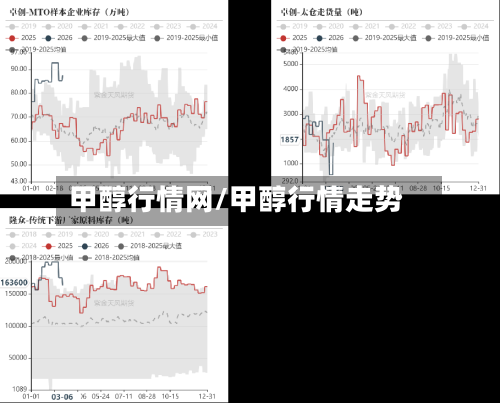 甲醇行情网/甲醇行情走势-第2张图片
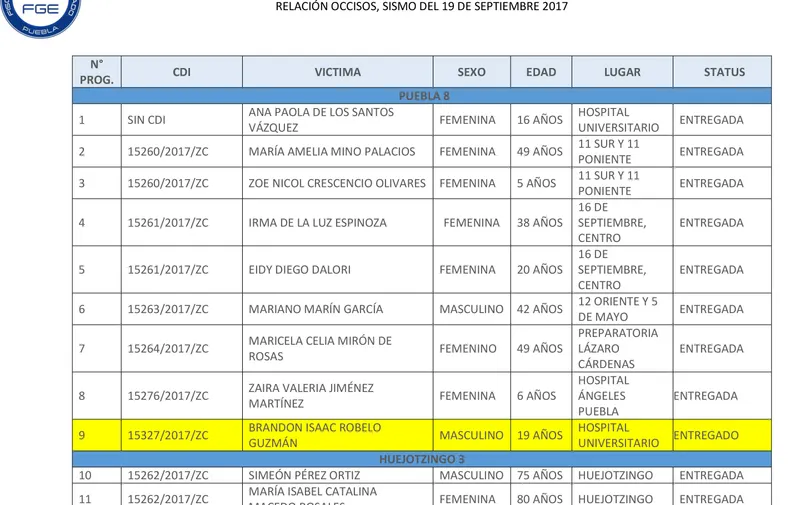 lista-muertos-puebla-sismo-1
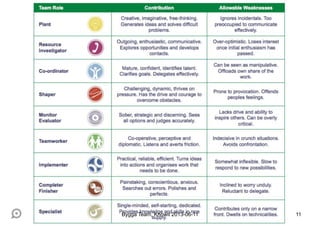 11Bygga Team, Knowit 2013-06-11
 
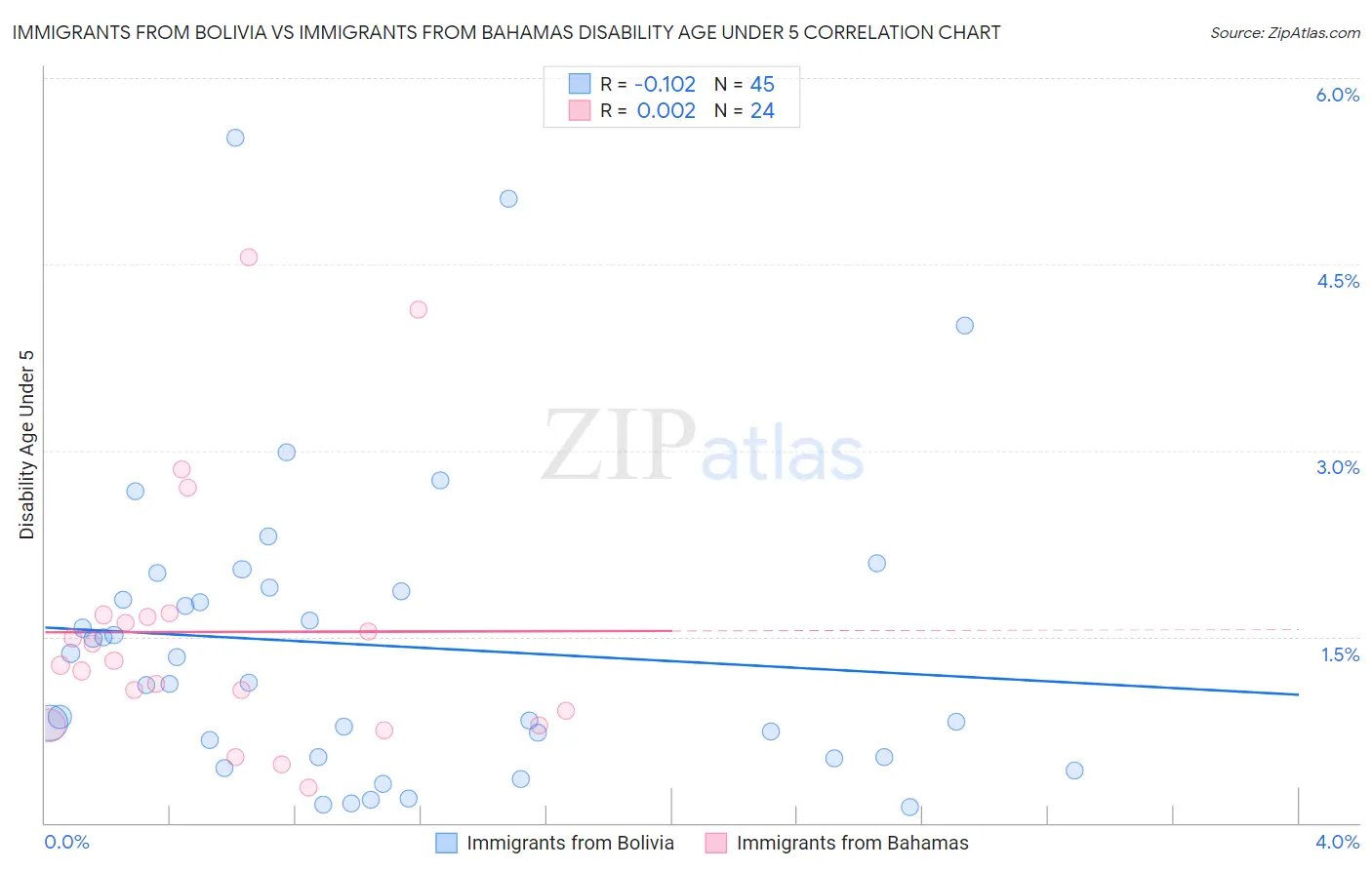 Immigrants from Bolivia vs Immigrants from Bahamas Disability Age Under 5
---
• BRIEF
Please restate word for word each line from the one containing "lista-muertos-puebla-sismo-1" to the end of the data above, without the pictures.

• ANSWER BOX
 lista-muertos-puebla-sismo-1
 11Bygga Team, Knowit 2013-06-11
 
 Immigrants from Bolivia vs Immigrants from Bahamas Disability Age Under 5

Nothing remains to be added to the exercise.